* _DATA SECTION_
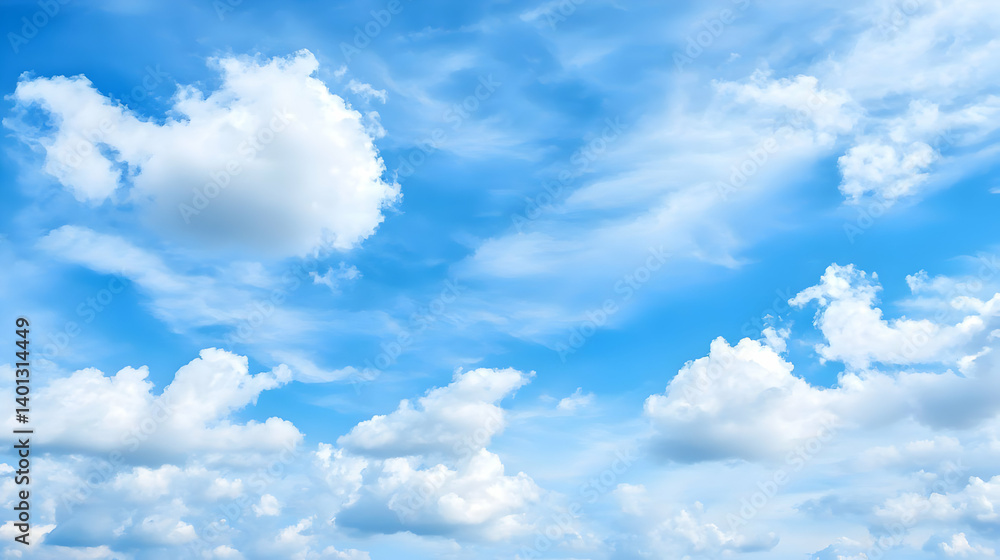 Naklejka premium Beautiful Blue Sky With Fluffy Clouds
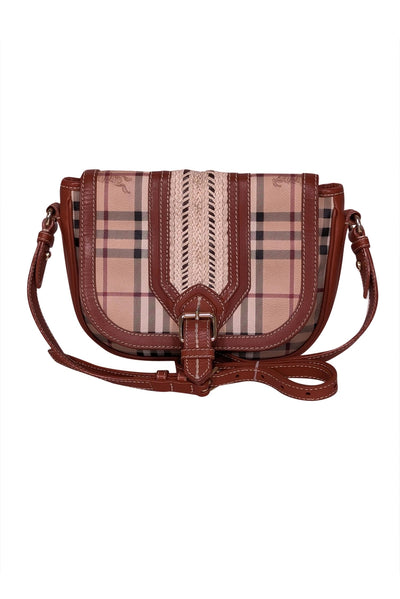 Current Boutique-Burberry - Tan Leather and Signature Plaid Crossbody Bag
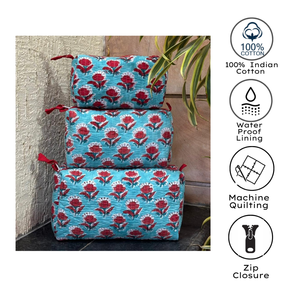 Premium Floral Blue Brown Jaipur Hand block print Quilted cotton toiletry bag Set of 3 Sustainable Non Toxic Dye Zip Closure - Product Image 3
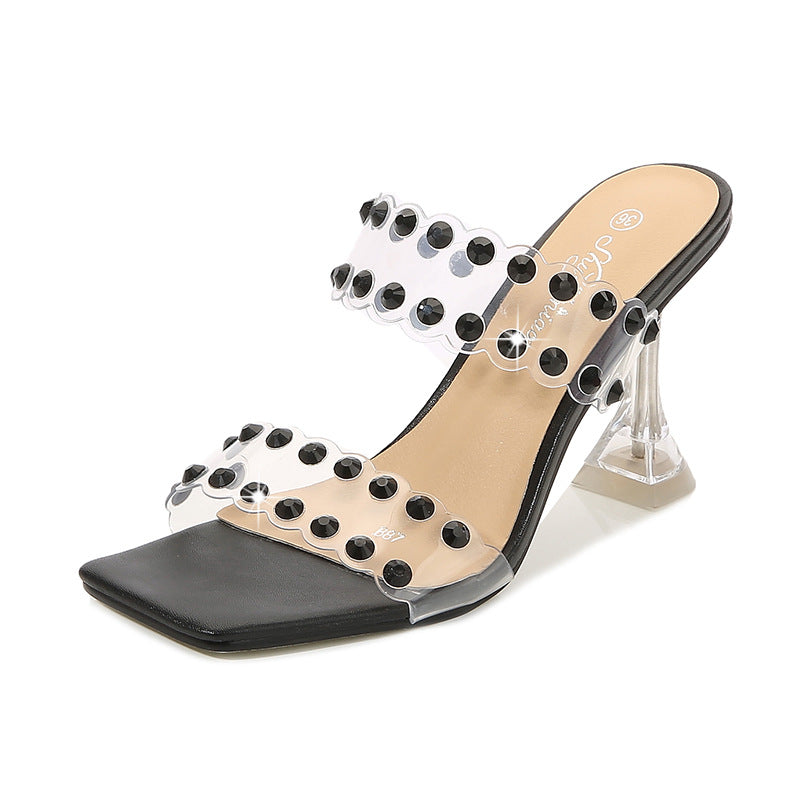 Stiletto High Square Toe Strap Fairy Heels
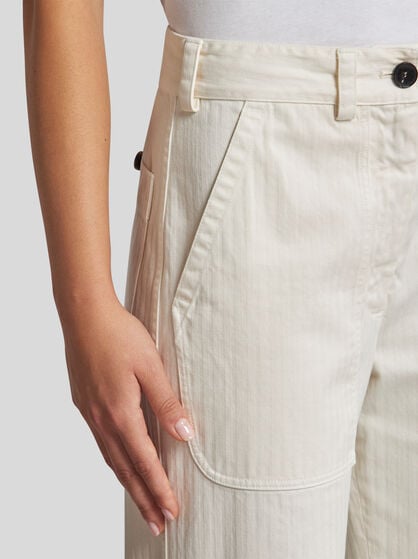 STRAIGHT-CUT GABARDINE TROUSERS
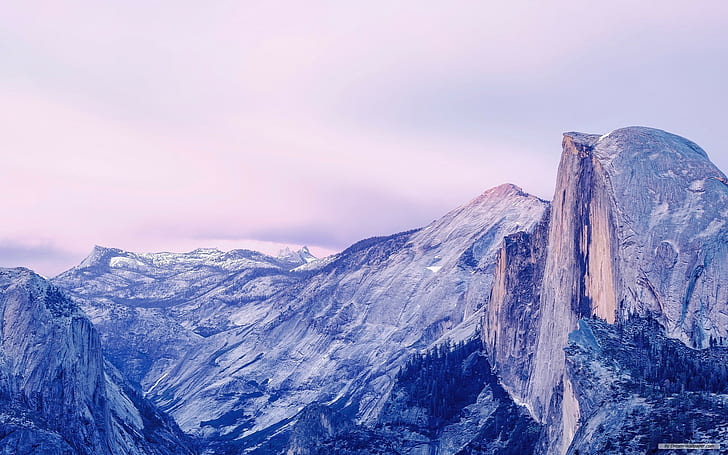 góry, Park Narodowy Yosemite, klif, krajobraz, zima, Kalifornia, Tapety HD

* _ABOUT THIS TASK_
Everything from the line containing "Stiletto High Square Toe Strap Fairy Heels" through the last line of the listing above must be output exactly, except the pictures.

* _WRITTEN RESPONSE_
 Stiletto High Square Toe Strap Fairy Heels
 STRAIGHT-CUT GABARDINE TROUSERS
 góry, Park Narodowy Yosemite, klif, krajobraz, zima, Kalifornia, Tapety HD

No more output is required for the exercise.